Madness, intimate violence, and Stalin’s Barber
Love him or hate him for it, but Nabokov excels at depicting the exquisite intimacy of violence and the deliberate way one person exerts power over another. (For those who have read Nabokov’s most famous book, just recall Humbert Humbert erasing Lolita’s humanity as he recounts his appalling behavior in the novel’s sofa scene.)
A December 23 Washington Post review of a new novel about Soviet Russia reminded me of how the background threat of violence can carry a reader or viewer deep into a tale. Think of the most refined version of Hitchcock’s bomb-under-the-table scenario and how it’s amplified when one character contemplates in the moment whether or not to harm another.
In Stalin’s Barber, author Paul Levitt tells the story of Razeer Shtube, a Jewish man fleeing fascism and anti-Semitism in Albania for the bright promise of Soviet life under Stalin in 1930s Russia. The main character eventually ends up as barber to Stalin himself. Having been disabused of his notion of the magnificence of life in the Soviet Union, he comes to imagine how he might kill the monster who sits vulnerable before him. But like Nabokov, Levitt is smart enough to inject a kind of horrible comedy into the situation: the barber knows that the paranoid Stalin has body doubles, so the protagonist remains uncertain whether an assassination attempt would even eliminate the right man.
Looking at Levitt’s CV online, I noticed that he had done a talk titled “Stalin’s Barber” at a European history conference in 2009. Asked last week by email about historical source material for his book, he mentioned that the talk he gave is also posted as a PDF. It reveals the lengths to which he went to give his story historical context—including nosing around for information about Stalin’s real barber, Karl Pauker, a former Hungarian hairdresser for the Budapest Opera.
Levitt spun his idea out from there, inventing his imaginary barber’s life. “I heretically think that some fiction and poetry can teach us more about the Soviets than the major biographies and histories,” he said in his 2009 talk, suggesting that at times fictional works can “communicate the truth in ways that primary sources cannot.”
This idea of a monstrous villain vulnerable to his barber recalls Nabokov’s short story “Razor,” in which the narrator, an émigré veteran of the Russian Civil War, endured a horrifying interrogation years ago in the Ukrainian city of Kharkov. (Nabokov would likely have known that Kharkov had been a particularly bloody prize in that war, having been traded back and forth between White and Red Army forces.) Now a barber in Berlin, the narrator one day recognizes his torturer sitting before him, a client in his barber’s chair. He contemplates killing the man. As he begins to shave his former interrogator, the barber reveals who he is, and then…
Well, I don’t want to spoil the story, even though it’s not one of Nabokov’s best. Go read it for yourself.
Levitt’s protagonist is Razeer; Nabokov’s is nicknamed “Razor.” And there are other parallels between Levitt’s story and Nabokov’s fiction. In a world gone mad, a family member in Stalin’s Barber ends up—where else?—in the madhouse. The Post review describes how the man,
…an idealistic doctor, is sent to work in a mental institution where political dissidents are confined; they are, of course, among the sanest people in the novel. In one touching episode, the doctor loses his heart to a beautiful aristocrat who is kept in solitary confinement; they become prisoners together, talking about art and poetry and music, indifferent to the mad world they have left behind.
Political dissidents subjected to psychiatric abuse in the Soviet Union are part of the past that The Secret History touches on, suggesting that Nabokov may have spun one of his most fanciful novels from real-world reports of involuntary mental health treatment in Russia.

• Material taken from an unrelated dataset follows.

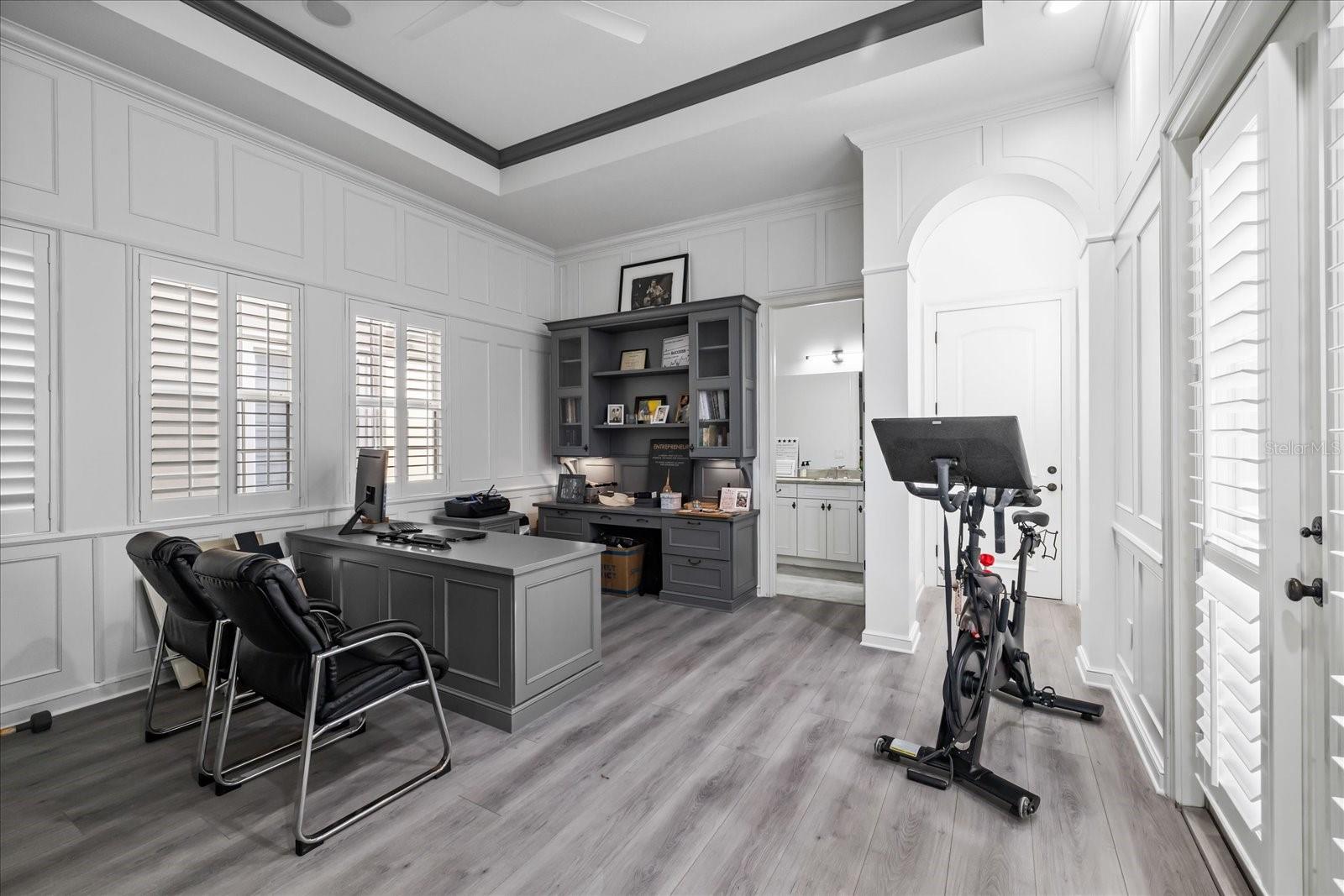 WESTSHORE YACHT CLUB PH 1 - Residential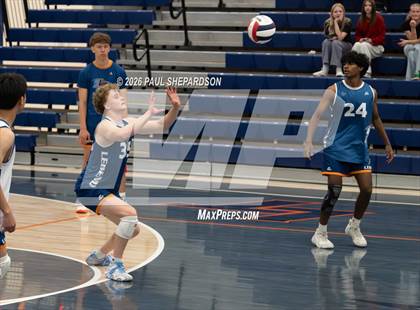 Thumbnail 3 in JV: Chaparral @ Legend photogallery.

But in his own life, fearful of causing harm to dissidents, Nabokov refrained from speaking out on behalf of these prisoners until well into his sixth decade in exile. By 1974, Nabokov finally believed he might do more good than harm. Drawing attention to the case of Vladimir Bukovsky—who had been held for years in a psychiatric hospital before being sent to a labor camp—Nabokov posted a public letter calling for everyone who had any influence to “do whatever can be done to help that courageous and precious man.”
Nabokov created stories that explicitly delve into madness and imprisonment, including his novels Invitation to a Beheading and Bend Sinister. In The Secret History, I argue that this theme is central to nearly every novel he wrote across four decades, but that we’ve missed its presence or meaning in his most famous works.
Visiting two stores hoping to get a copy of Stalin’s Barber, I was out of luck—both had sold out. At my local library, the wait list stood eleven deep for their lone copy. (I’m sure The Washington Post will be pleased to know it still packs a punch with local readers.) So for now I’ve settled for ordering the book. Given Levitt’s attention to comedy and insanity undergirded by the all-too-real horrors of the century, I will definitely be reading this one, and may write about it again after I do.